Brief descriptive captions:
◆ ◆ ◆ ◆ ◆
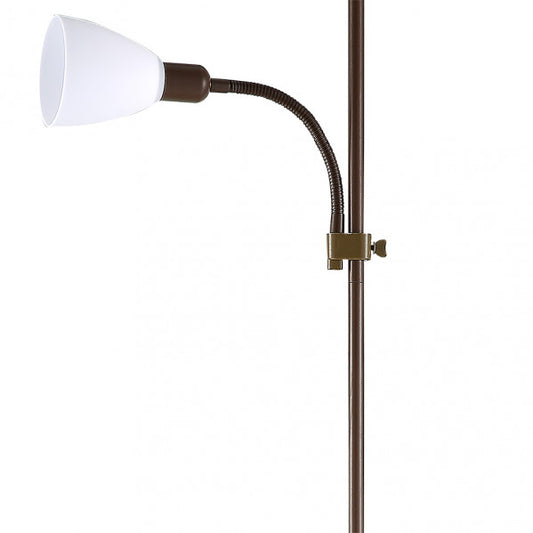 Lámpara de Pie de Salón Rilon con Lector Marrón Pantalla Blanca Fabrilamp - imagen 2 | Fabrilamp / Abrila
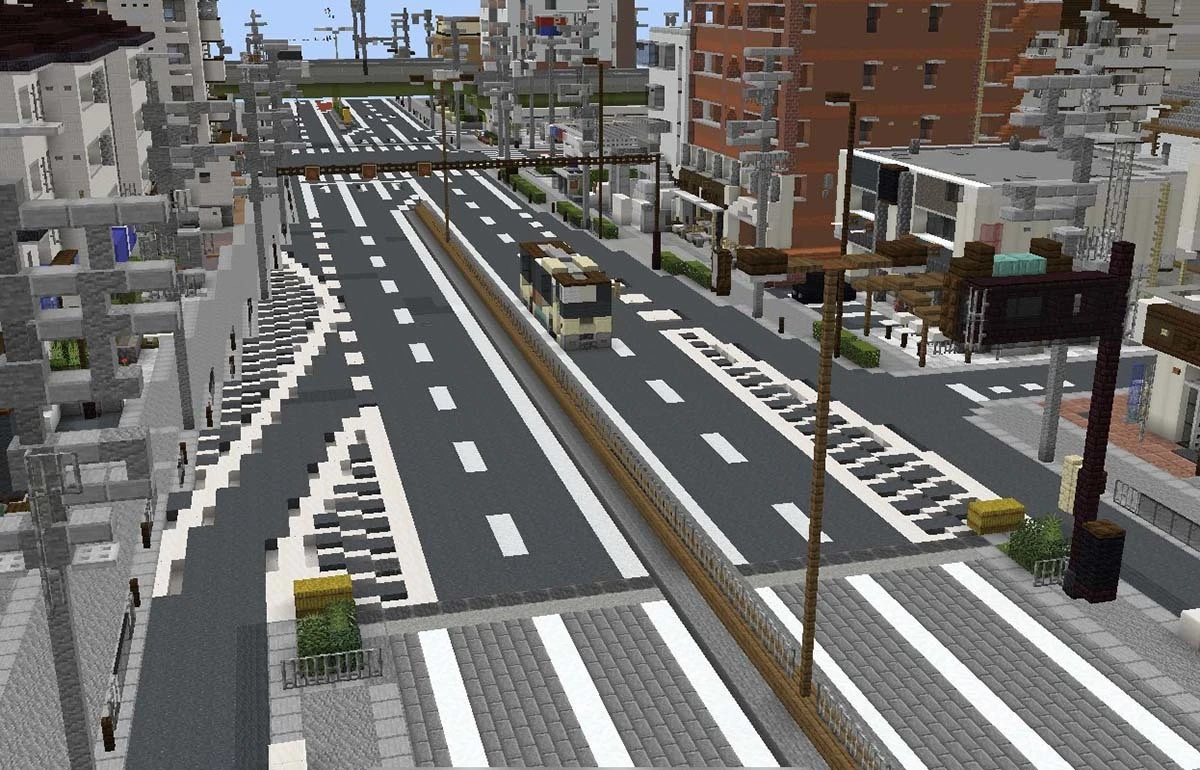 マイクラで再現された大阪の郊外　ブロックとは思えない街並みが超リアル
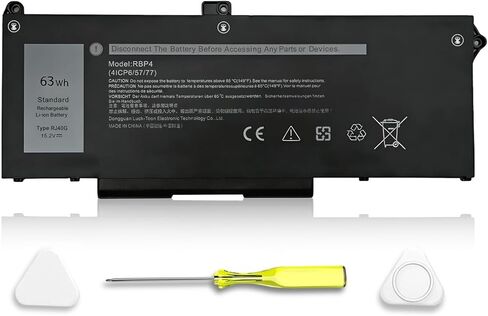 بطارية كمبيوتر محمول RJ40G لجهاز Dell Latitude 155520 Latitude 14 5420 Precision 153560 Series متوافقة مع M033W 01K2CF 075X16 WY9DX P137G P137G001 P104F P104F001 0WK3F1 0M3KCN 15.2V 63WH 3941 مللي أمبير in Kuwait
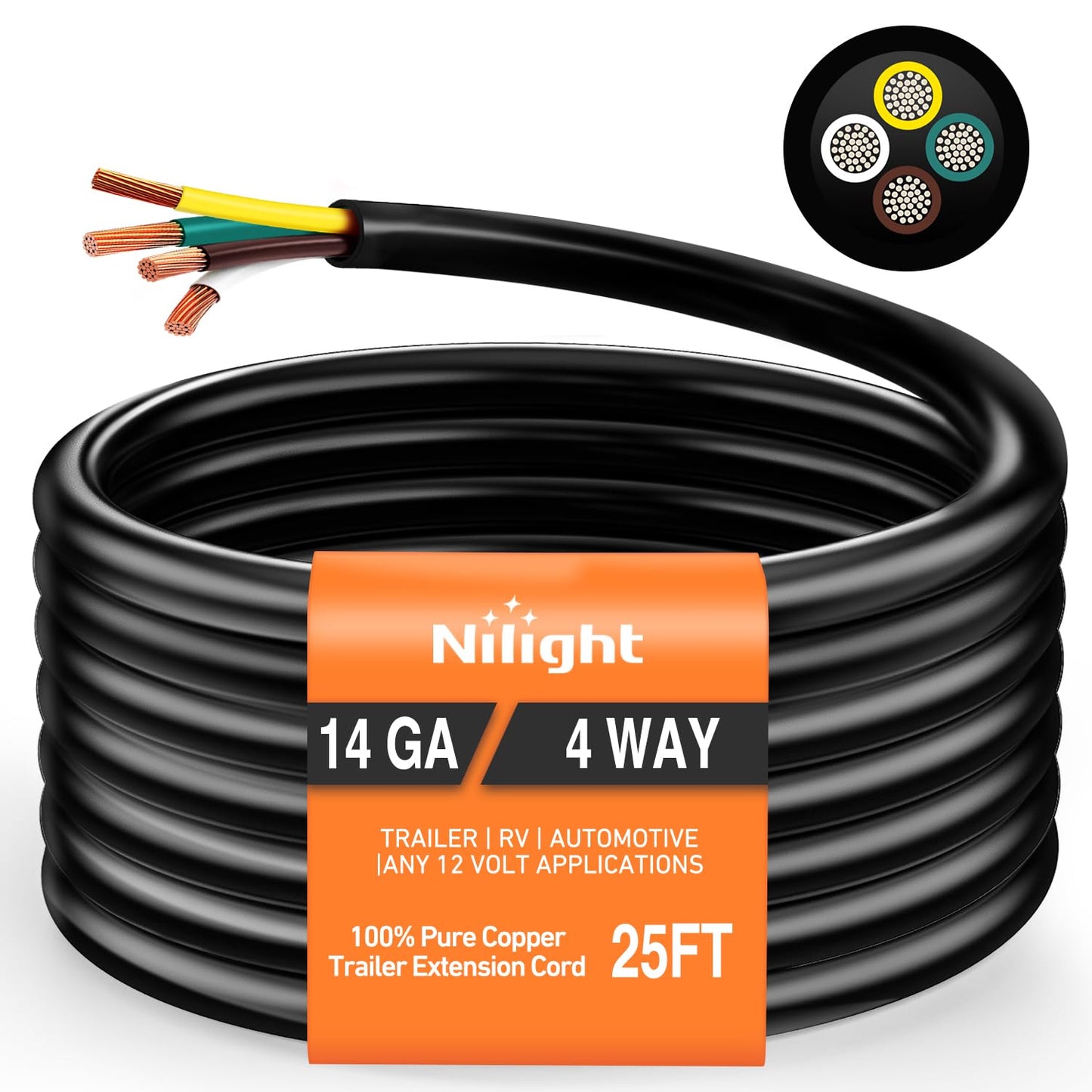 Nilight 25 Feet 4 Way Trailer Wire Extension Cable for RVs
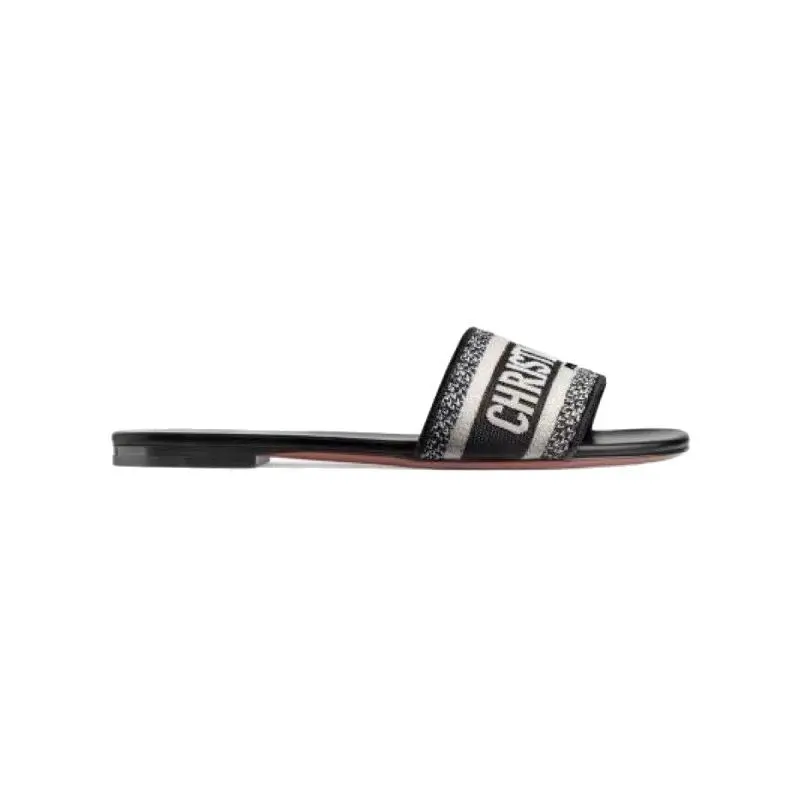 Women's Fashion Flat Slippers Summer New Round Head Open Toe Letter Embroidery Soft Soled Non-slip Sandals Women's Slippers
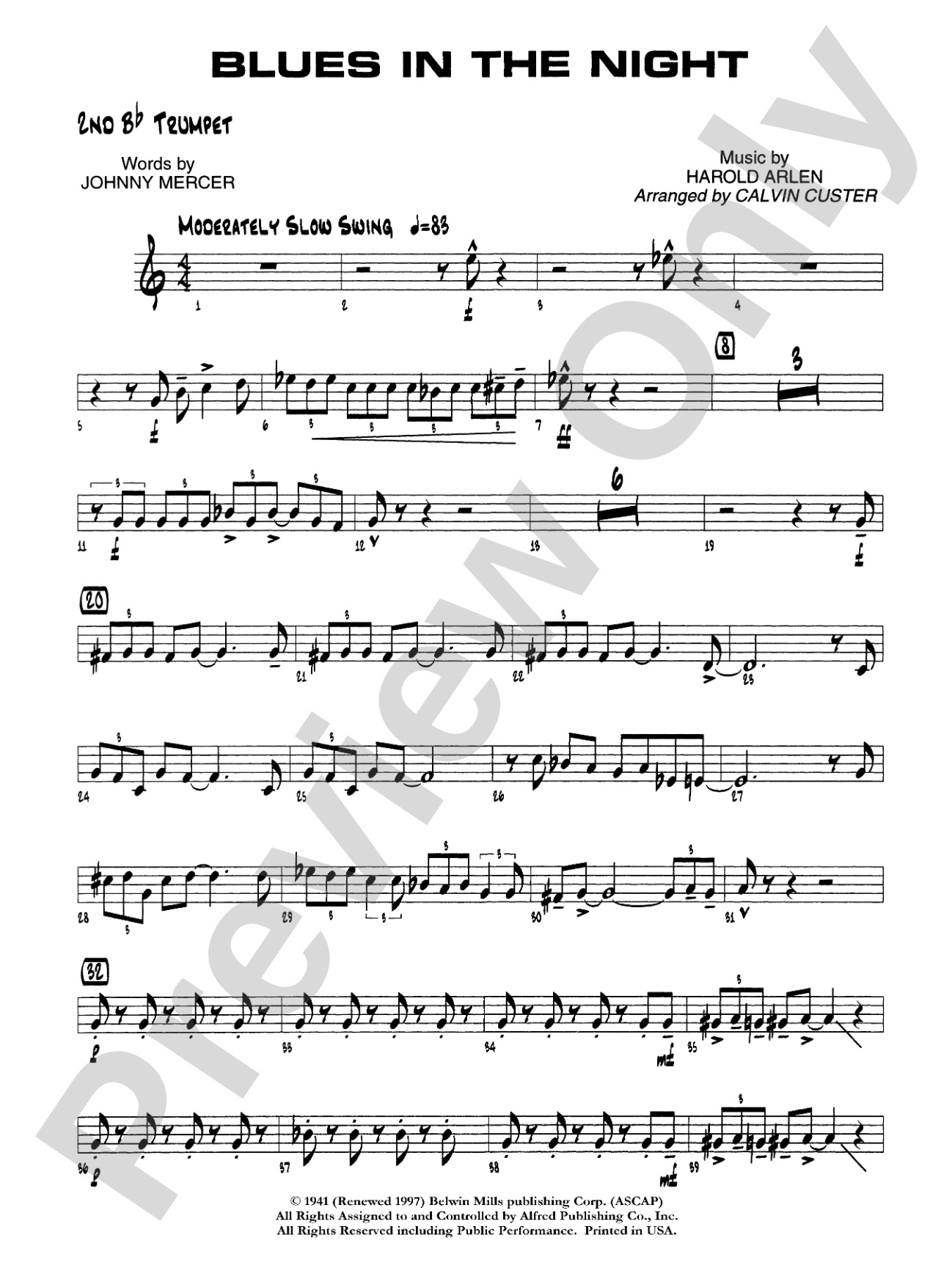 Blues in the Night: 2nd B-flat Trumpet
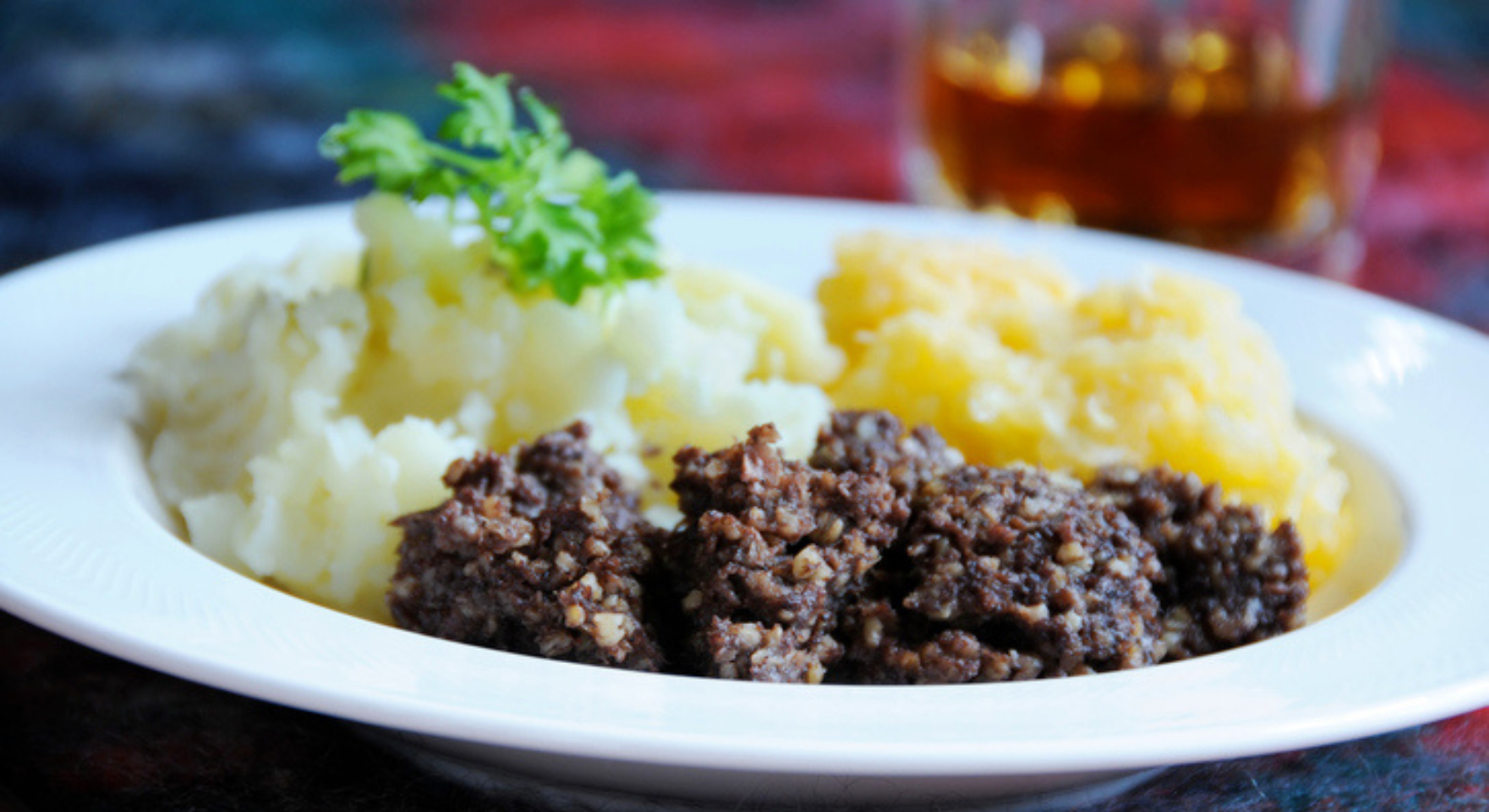Scottish meal of Haggis, neeps and tatties - and of course a wee dram.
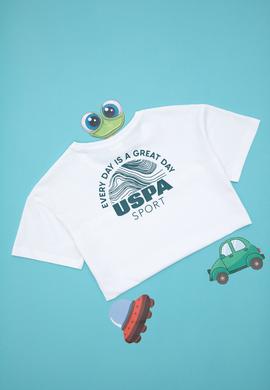 Erkek Çocuk Beyaz Bisiklet Yaka Tişört - 50281808011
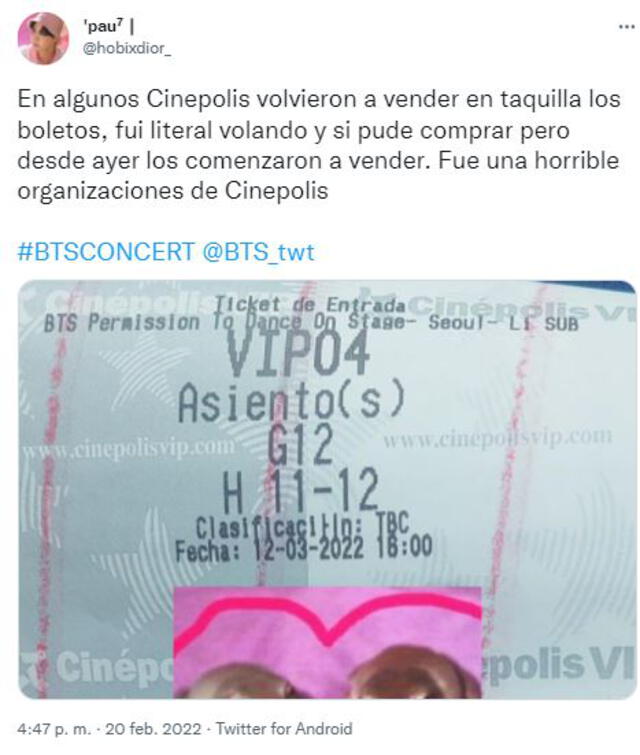 Reacciones a la preventa de la proyección en cines de México, del concierto de BTS. Foto: Twitter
◆ ◆ ◆ ◆ ◆
Output every entry verbatim but skip the pictures.

**Exercise response**
 Lámpara de Pie de Salón Rilon con Lector Marrón Pantalla Blanca Fabrilamp - imagen 2 | Fabrilamp / Abrila
 マイクラで再現された大阪の郊外　ブロックとは思えない街並みが超リアル
 بطارية كمبيوتر محمول RJ40G لجهاز Dell Latitude 155520 Latitude 14 5420 Precision 153560 Series متوافقة مع M033W 01K2CF 075X16 WY9DX P137G P137G001 P104F P104F001 0WK3F1 0M3KCN 15.2V 63WH 3941 مللي أمبير in Kuwait
 Nilight 25 Feet 4 Way Trailer Wire Extension Cable for RVs
 Women's Fashion Flat Slippers Summer New Round Head Open Toe Letter Embroidery Soft Soled Non-slip Sandals Women's Slippers
 Blues in the Night: 2nd B-flat Trumpet
Scottish meal of Haggis, neeps and tatties - and of course a wee dram.
 Erkek Çocuk Beyaz Bisiklet Yaka Tişört - 50281808011
 Reacciones a la preventa de la proyección en cines de México, del concierto de BTS. Foto: Twitter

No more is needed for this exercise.